# [EXERCISE DETAILS]
Every line in the listing is to be echoed verbatim.

# [SOURCE MATERIAL]

»»

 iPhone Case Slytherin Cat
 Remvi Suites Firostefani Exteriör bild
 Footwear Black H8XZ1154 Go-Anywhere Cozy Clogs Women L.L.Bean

««

# [OUTPUT OF THE EXERCISE]
 iPhone Case Slytherin Cat
 Remvi Suites Firostefani Exteriör bild
 Footwear Black H8XZ1154 Go-Anywhere Cozy Clogs Women L.L.Bean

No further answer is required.